Guttenberg told the U.S. House Transportation and Infrastructure Committee's subcommittee with jurisdiction over pipelines that the Alyeska Pipeline Service Co. was cutting corners to save money, and placing the state at risk.
"Now is not the time for Alyeska to skimp on pipeline safety and integrity lest we have a significant spill event comparable to the Exxon Valdez spill or the recent Deep Water Horizon rupture," he said.
Alyeska's recent decision to move operations from Fairbanks to Anchorage, billed as a cost-saving and efficiency measure, will actually reduce oversight of the trans-Alaska oil pipeline and increase emergency response times, Guttenberg said.
Representatives from Alyeska were also at the hearing, and defended the company's operation of the pipeline on which much of the state's economy and most of its government depends.
"Safety and integrity of the pipeline are core values at Alyeska, and a top priority for every employee," said Greg Jones, senior vice president in charge of Alyeska's Technical Support Division.
Jones said Alyeska has been continually improving its safety and environmental performance, with 2009 being its best year on record.
Guttenberg challenged how Alyeska defined pipeline "safety," and said its claims were based on a lack of bodily injuries to Alyeska personnel or contractors performing work on the trans-Alaska oil pipeline.
That may have little or low bearing on the likelihood of TAPS having a significant spill, he said.
"A pipeline operator could have an excellent worker safety record because there is little or no maintenance work being performed on the pipeline while at the same time it is about to fall apart in 20 locations," Guttenberg said.
Guttenberg, a former pipeline worker who said his first job on the pipeline was clearing brush on the right-of-way where the pipeline was to be built, said Alyeska's corporate culture discourages employees from bring safety concerns to management if they might cost money.
"I am here today speaking on behalf of the Alyeska employees who have a deep concern for the safety and integrity of the pipeline, but whose concerns have been largely ignored," he said.
Guttenberg is the House Minority Whip in Alaska, the No. 2 position in Juneau Rep.
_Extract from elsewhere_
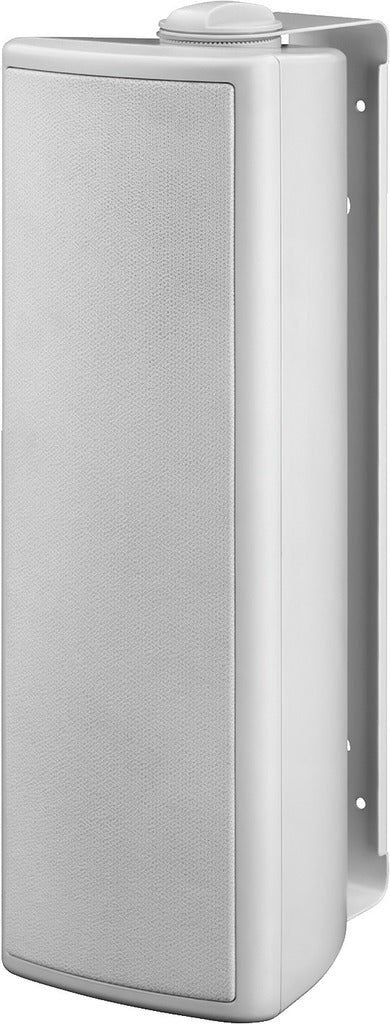 MONACOR ETS-515TW/WH PA column speaker 100 V transmission technology or 8Ω operation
Beth Kerttula's Minority Caucus.
Guttenberg said he last worked on the pipeline in 1996, but heard from current workers who were afraid to speak out.
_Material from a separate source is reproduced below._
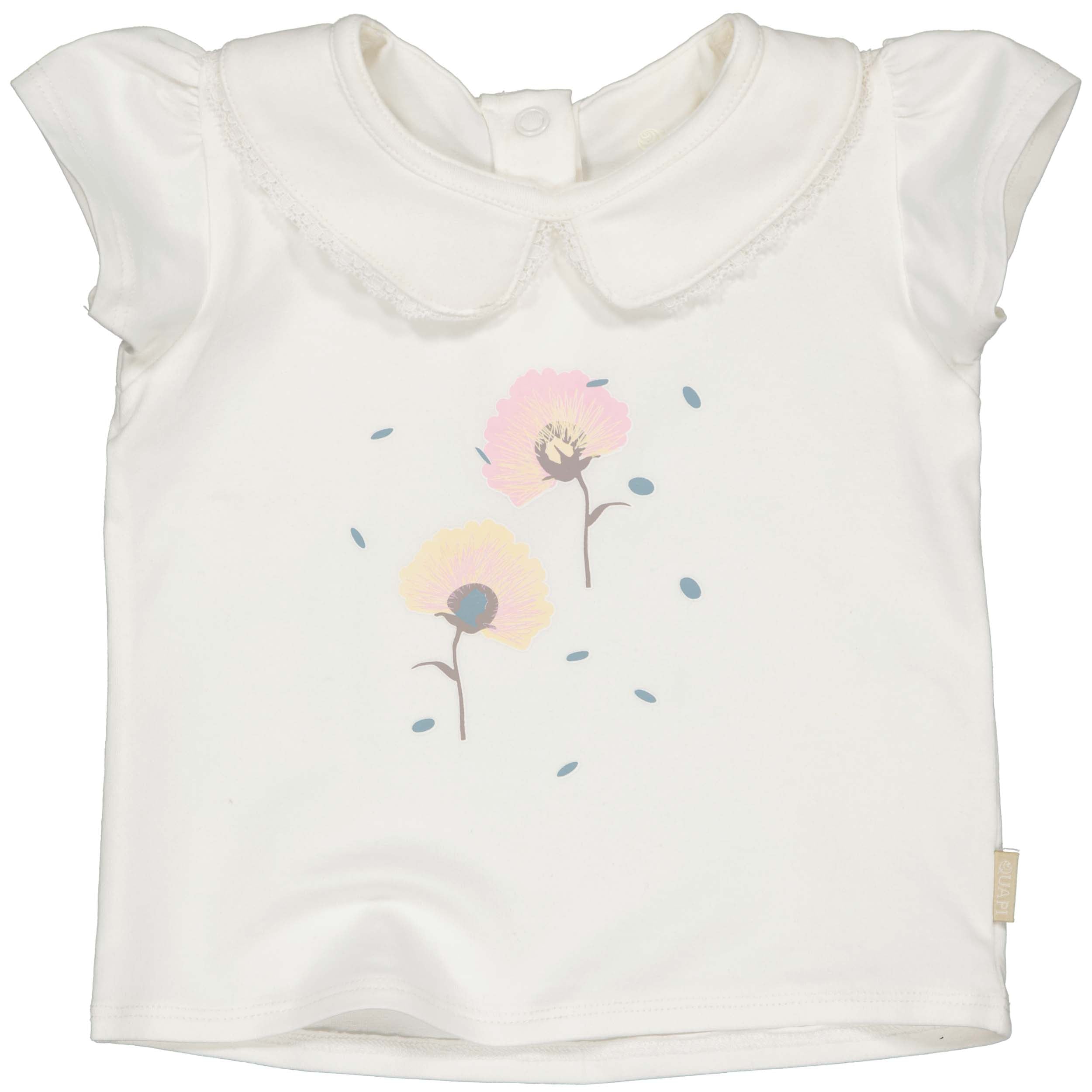 SHORTSLEEVE | Off White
"It became clear to me that Alyeska's "open-working-environment" was not working at all, allowing poor decisions to go unchecked that could have severe consequences for the state of Alaska," he said.
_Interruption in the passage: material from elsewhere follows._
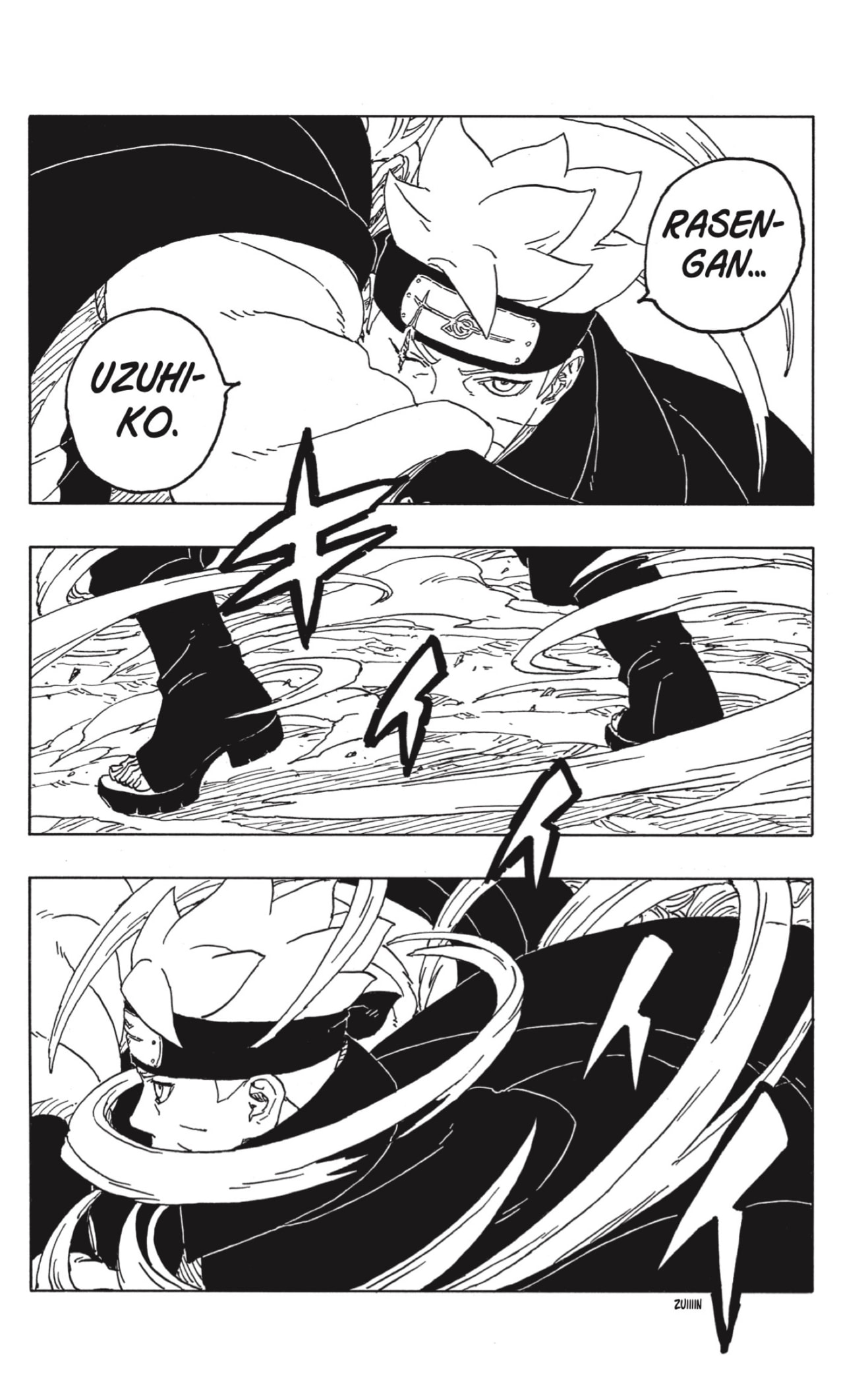 Read Boruto Two Blue Vortex ES Manga Online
After the hearing, Guttenberg said from Washington he appreciated the subcommittee's attention to the TAPS issues, attention he said was due to the Gulf oil spill.
"You can shout up there or wherever you are about the issue, but until something happens nobody pays attention," he said.
BP is one of five companies that share ownership of the pipeline, but by itself it owns nearly 47 percent and often provides Alyeska's top executives.
Alaska Congressman Don Young, who serves on the Transportation and Infrastructure Committee but not the subcommittee that oversees pipelines, Thursday issued a statement defending Alyeska.
"This subcommittee is trying to use Alyeska as a scapegoat for what has happened in the Gulf of Mexico and it's wrong," said Rep. Young.
Young said Alyeska's safety measures worked exactly as they should during a recent spill at one of its pump stations, and that neither workers or wildlife were injured.
Calling Alyeska to the nation's capital to testify would only take time away from pipeline safety efforts, he said.
"To call these representatives here today to testify is not only a waste of time and money, but a slap in the face to all of the hard working Alaskans who maintain our pipeline," he said.